START Recorded information

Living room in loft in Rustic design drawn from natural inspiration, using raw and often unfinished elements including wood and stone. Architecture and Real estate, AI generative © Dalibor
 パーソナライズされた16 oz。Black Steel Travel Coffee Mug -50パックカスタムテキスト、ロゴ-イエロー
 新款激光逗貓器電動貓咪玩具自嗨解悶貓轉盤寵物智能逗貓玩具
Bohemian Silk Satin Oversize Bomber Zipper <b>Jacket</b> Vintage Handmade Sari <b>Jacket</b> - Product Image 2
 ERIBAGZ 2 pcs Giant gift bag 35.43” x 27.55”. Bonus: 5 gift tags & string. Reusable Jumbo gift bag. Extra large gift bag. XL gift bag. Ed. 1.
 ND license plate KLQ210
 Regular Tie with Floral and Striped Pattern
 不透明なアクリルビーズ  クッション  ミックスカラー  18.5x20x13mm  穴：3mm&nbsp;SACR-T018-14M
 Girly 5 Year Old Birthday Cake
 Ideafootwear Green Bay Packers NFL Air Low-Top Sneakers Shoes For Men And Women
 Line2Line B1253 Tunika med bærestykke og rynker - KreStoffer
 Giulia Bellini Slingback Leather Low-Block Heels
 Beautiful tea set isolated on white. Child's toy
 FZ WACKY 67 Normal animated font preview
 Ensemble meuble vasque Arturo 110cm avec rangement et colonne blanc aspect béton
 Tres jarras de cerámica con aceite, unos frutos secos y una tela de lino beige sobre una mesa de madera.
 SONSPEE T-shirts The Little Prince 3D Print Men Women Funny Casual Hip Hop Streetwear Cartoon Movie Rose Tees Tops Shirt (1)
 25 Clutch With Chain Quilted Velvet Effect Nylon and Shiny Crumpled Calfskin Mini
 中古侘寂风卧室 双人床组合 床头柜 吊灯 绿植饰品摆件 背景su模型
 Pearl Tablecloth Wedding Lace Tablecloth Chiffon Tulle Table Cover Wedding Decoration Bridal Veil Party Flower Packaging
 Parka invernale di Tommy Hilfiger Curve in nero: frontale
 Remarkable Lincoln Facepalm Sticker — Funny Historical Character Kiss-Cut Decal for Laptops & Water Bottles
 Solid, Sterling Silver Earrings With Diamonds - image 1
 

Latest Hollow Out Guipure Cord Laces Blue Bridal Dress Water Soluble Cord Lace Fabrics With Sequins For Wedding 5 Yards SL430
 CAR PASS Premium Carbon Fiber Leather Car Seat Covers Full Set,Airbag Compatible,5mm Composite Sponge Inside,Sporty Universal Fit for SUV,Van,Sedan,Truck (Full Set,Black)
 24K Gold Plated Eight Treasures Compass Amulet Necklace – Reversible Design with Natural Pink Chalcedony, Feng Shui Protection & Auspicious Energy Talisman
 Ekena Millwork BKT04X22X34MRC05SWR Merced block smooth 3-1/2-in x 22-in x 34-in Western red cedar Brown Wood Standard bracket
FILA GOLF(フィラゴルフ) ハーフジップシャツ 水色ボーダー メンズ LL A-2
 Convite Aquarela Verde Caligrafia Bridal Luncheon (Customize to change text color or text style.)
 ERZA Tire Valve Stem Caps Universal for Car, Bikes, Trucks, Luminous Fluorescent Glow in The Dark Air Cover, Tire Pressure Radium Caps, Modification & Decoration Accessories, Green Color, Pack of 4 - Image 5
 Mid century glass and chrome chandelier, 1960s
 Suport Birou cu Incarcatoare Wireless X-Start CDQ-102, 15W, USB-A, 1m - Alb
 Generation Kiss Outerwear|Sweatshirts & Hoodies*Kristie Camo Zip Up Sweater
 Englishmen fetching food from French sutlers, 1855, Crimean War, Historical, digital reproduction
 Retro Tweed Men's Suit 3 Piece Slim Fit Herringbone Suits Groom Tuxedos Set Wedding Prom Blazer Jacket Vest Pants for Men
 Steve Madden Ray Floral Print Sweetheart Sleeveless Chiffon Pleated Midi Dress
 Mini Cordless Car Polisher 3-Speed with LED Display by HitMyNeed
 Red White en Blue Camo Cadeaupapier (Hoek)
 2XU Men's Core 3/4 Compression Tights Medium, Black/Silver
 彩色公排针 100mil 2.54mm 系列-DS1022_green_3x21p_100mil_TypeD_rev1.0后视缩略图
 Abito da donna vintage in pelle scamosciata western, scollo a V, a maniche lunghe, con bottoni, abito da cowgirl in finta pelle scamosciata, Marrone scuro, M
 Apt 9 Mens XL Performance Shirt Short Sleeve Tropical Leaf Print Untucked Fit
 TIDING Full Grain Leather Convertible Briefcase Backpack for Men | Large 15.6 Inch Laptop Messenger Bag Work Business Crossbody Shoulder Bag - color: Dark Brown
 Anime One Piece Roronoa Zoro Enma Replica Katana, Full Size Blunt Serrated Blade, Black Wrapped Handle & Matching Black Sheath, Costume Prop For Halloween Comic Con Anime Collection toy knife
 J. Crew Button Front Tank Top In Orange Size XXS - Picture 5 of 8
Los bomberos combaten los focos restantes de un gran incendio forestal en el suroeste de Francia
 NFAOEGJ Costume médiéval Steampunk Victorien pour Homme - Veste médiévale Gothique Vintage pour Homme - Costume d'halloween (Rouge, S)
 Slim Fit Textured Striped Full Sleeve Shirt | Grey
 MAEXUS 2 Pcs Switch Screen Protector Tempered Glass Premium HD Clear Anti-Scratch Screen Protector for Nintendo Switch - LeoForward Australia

END Recorded information

Try it
Retype exactly the lines above, from the one with "Englishmen fetching food" through the one with "TIDING Full Grain", inclusive.

Answer to this problem
 Englishmen fetching food from French sutlers, 1855, Crimean War, Historical, digital reproduction
 Retro Tweed Men's Suit 3 Piece Slim Fit Herringbone Suits Groom Tuxedos Set Wedding Prom Blazer Jacket Vest Pants for Men
 Steve Madden Ray Floral Print Sweetheart Sleeveless Chiffon Pleated Midi Dress
 Mini Cordless Car Polisher 3-Speed with LED Display by HitMyNeed
 Red White en Blue Camo Cadeaupapier (Hoek)
 2XU Men's Core 3/4 Compression Tights Medium, Black/Silver
 彩色公排针 100mil 2.54mm 系列-DS1022_green_3x21p_100mil_TypeD_rev1.0后视缩略图
 Abito da donna vintage in pelle scamosciata western, scollo a V, a maniche lunghe, con bottoni, abito da cowgirl in finta pelle scamosciata, Marrone scuro, M
 Apt 9 Mens XL Performance Shirt Short Sleeve Tropical Leaf Print Untucked Fit
 TIDING Full Grain Leather Convertible Briefcase Backpack for Men | Large 15.6 Inch Laptop Messenger Bag Work Business Crossbody Shoulder Bag - color: Dark Brown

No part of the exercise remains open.